- The Washington Times - Friday, January 19, 2007


The Supreme Court agreed yesterday to referee a challenge to limits on pre-election ads, a key provision of the landmark campaign finance law that the court upheld in 2003.

The justices will hear an appeal of a lower court decision that relaxed restrictions on mentioning candidates by name in issue ads run by corporations, labor unions and other special interest groups near the climax of a campaign.

The court will hear the case in April and almost certainly decide it by July, well before the first presidential voting takes place in the Iowa caucuses next January.

Issue ads are those that do not purport to influence an election, but rather focus attention on an issue their sponsors find important. A provision of the McCain-Feingold law prohibits mentioning a candidate in issue ads in the 60 days before a general election and 30 days before a primary.

Its purpose was to end the common practice of circumventing limits on contributions in federal elections by airing ads that avoided expressly advocating a vote for or against someone while making clear a preference for, or more often, disapproval of one candidate.

The Supreme Court previously said the provision complies with First Amendment guarantees of free speech. The 2-1 ruling by a special court here in December does not so much challenge the high court holding as carve out exceptions to it.

Yet if the justices were to adopt the lower court’s reasoning, they would “really blow a hole” in the provision, said Richard Hasen, an election law specialist at Loyola Law School in Los Angeles.

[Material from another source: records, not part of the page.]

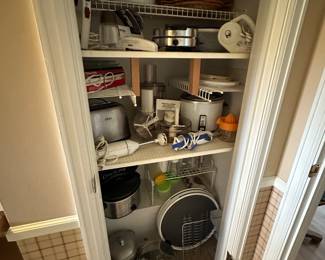 This closet in the kitchen is filled with small kitchen appliances and accessories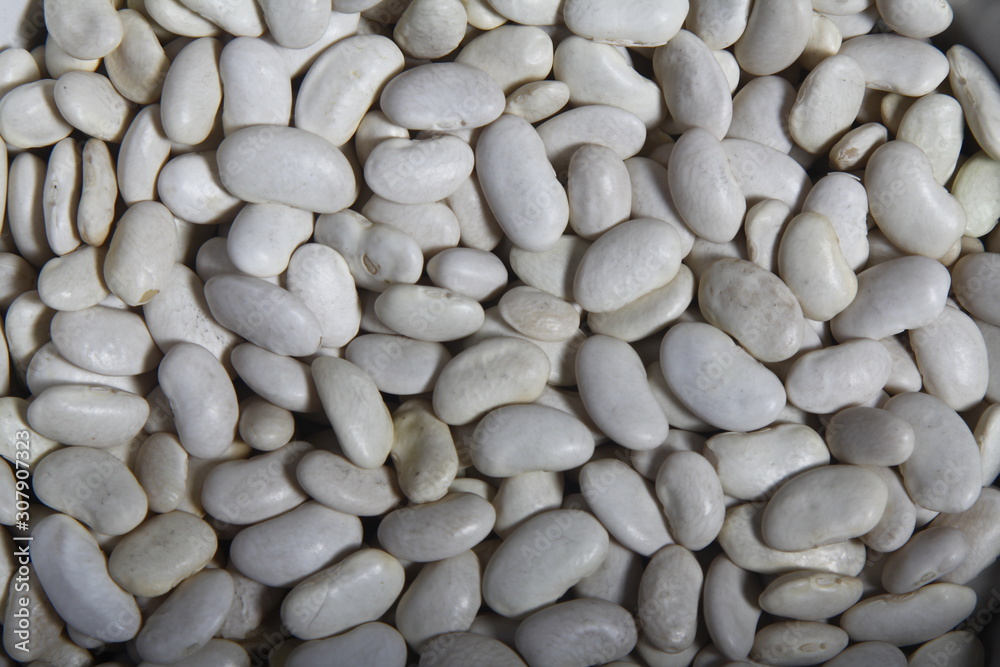 Close-up of lots of white beans, also called navy bean, haricot or pearl haricot in a grocery store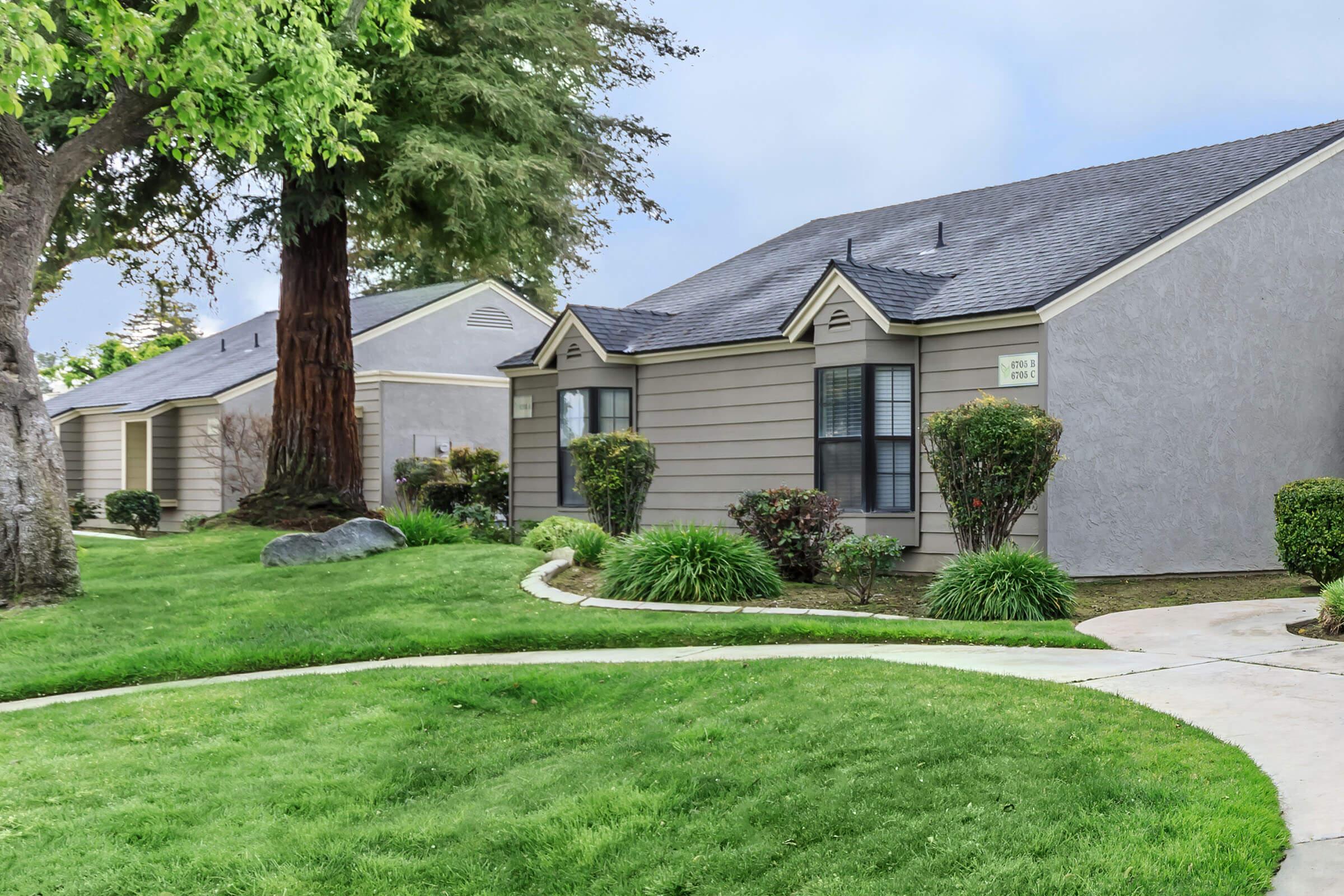 a large lawn in front of a house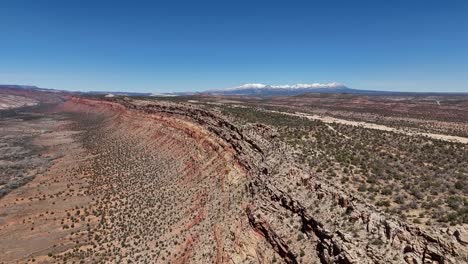 aerial view of steep ridge in desert, rocky jagged edges, snowcapped mountains, northern comb ridge in southeast utah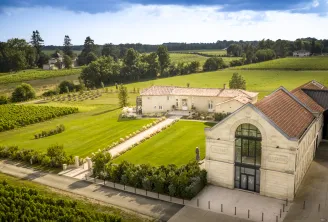 Vue aérienne du Château La Garde à Bordeaux, montrant un bâtiment moderne en pierre avec baies vitrées cintrées, jardins aménagés et vignobles étendus entourés de champs verts et d'arbres sous un ciel bleu.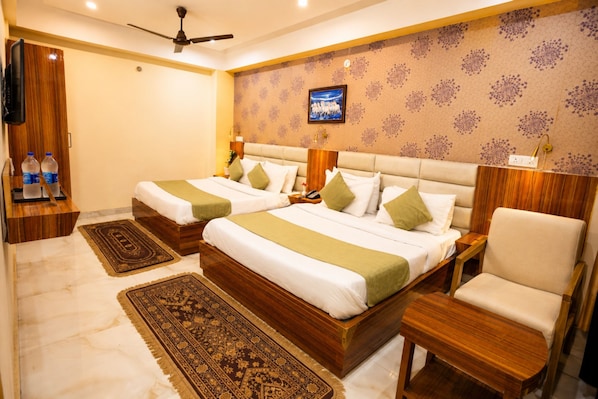 Habitación de hotel con dos camas, televisor, ventilador de techo y armario de madera.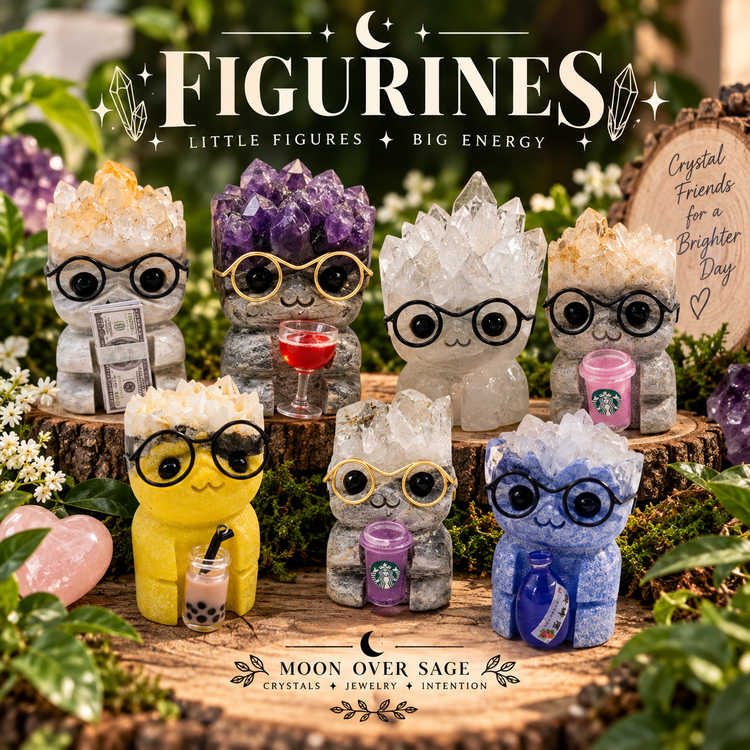Crystal figurines with gemstone clusters, glasses and playful accessories displayed in a woodland setting for the Moon Over Sage Figurines collection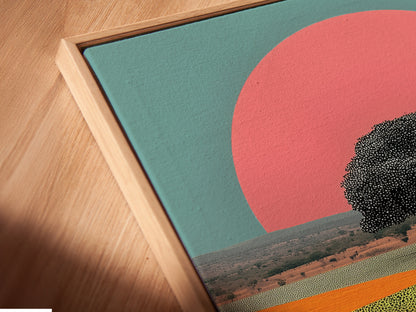 A close-up angled view reveals the texture of a canvas print within a floating frame. The Indian Village artwork showcases a retro sunset and desert landscape. It’s perfect for adding depth and global-inspired art to your living space.
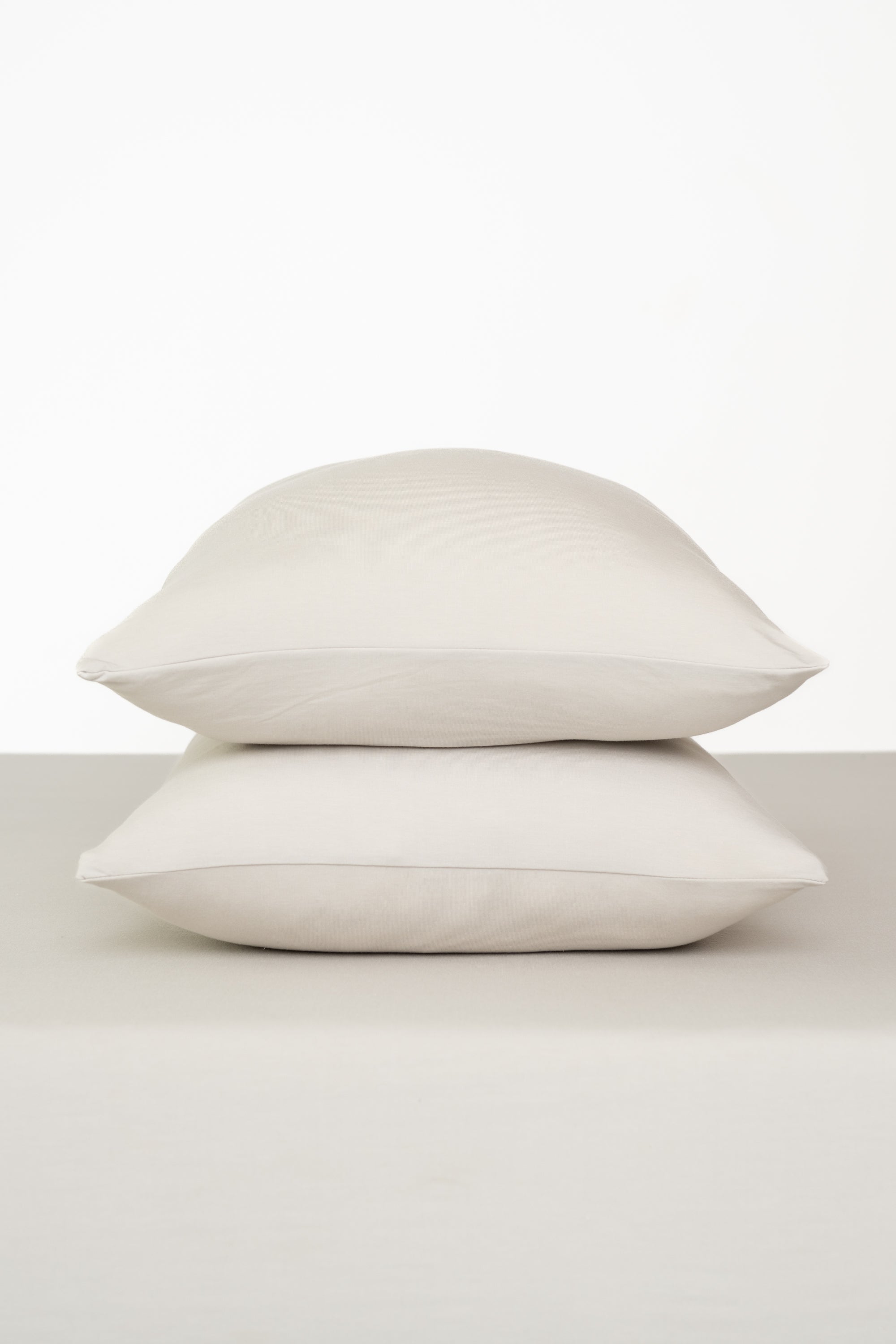Fitted Sheet with Pillowcases in Oat. Showing 2 pillows stacked on a sheet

“The purpose of the provision was to close a loophole that was allowing large amounts of corporate and union money to be spent on ads intended to influence federal elections,” Mr. Hasen said. The court could reopen “that loophole for a large number of ads.”

The Supreme Court yesterday also said it will review a lower court ruling allowing New York City to sue countries that own property near the United Nations over unpaid taxes.

The city has battled over property taxes for years with countries that house their consulates and diplomatic missions in Manhattan skyscrapers.

Under U.S. treaties, embassies and other diplomatic buildings are generally tax-exempt, but the city claims some countries are refusing to pay taxes on real estate used for non-diplomatic purposes, such as restaurants and apartments.